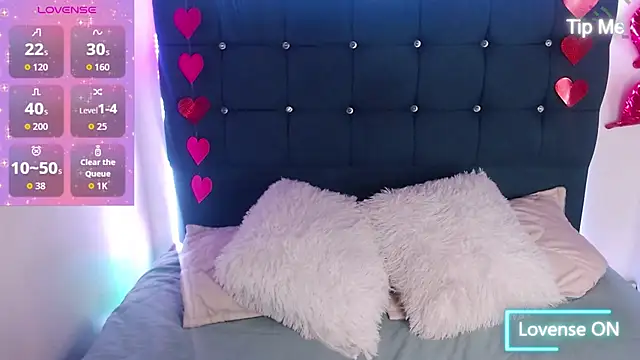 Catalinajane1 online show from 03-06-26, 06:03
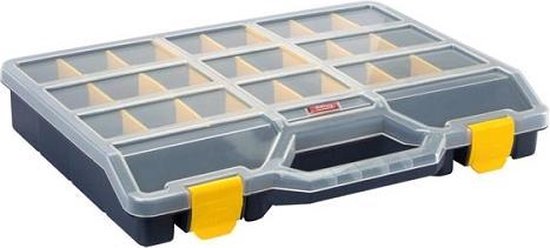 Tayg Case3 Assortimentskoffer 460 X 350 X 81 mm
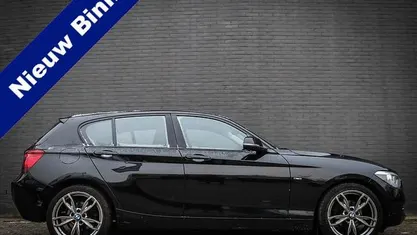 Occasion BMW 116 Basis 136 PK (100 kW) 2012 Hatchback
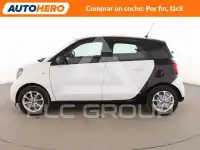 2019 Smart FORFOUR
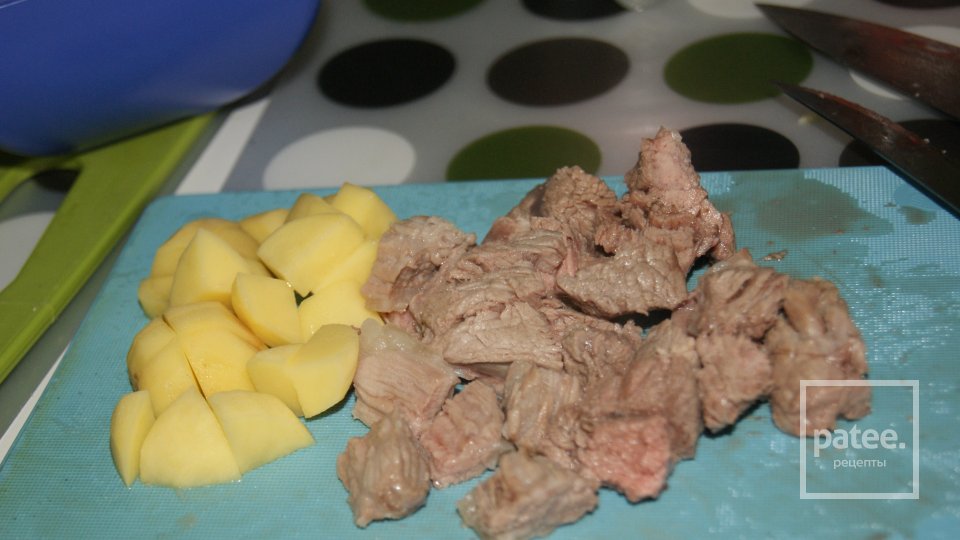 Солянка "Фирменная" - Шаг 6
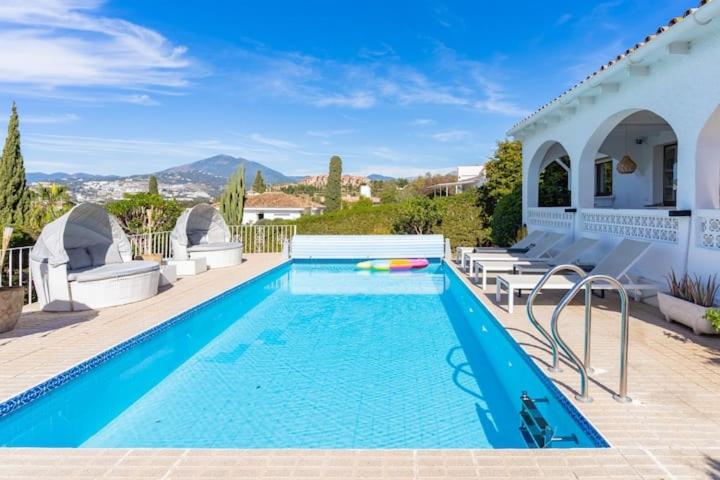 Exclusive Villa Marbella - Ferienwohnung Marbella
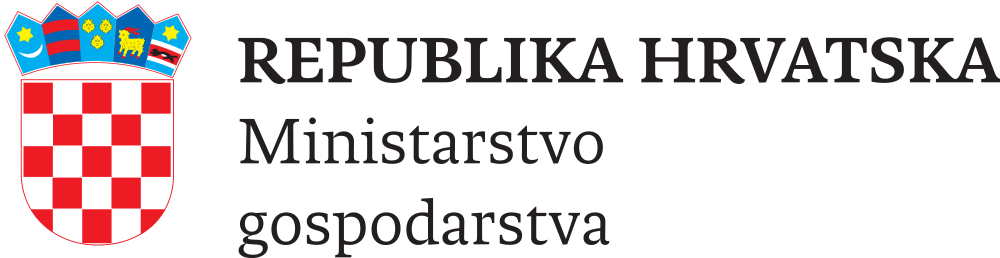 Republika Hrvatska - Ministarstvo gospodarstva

Task goal: Make a verbatim copy of all the entries and strip out the pictures.

Answer to the exercise:
 Catalinajane1 online show from 03-06-26, 06:03
 Tayg Case3 Assortimentskoffer 460 X 350 X 81 mm
 Occasion BMW 116 Basis 136 PK (100 kW) 2012 Hatchback
 2019 Smart FORFOUR
 Солянка "Фирменная" - Шаг 6
 Exclusive Villa Marbella - Ferienwohnung Marbella
 Republika Hrvatska - Ministarstvo gospodarstva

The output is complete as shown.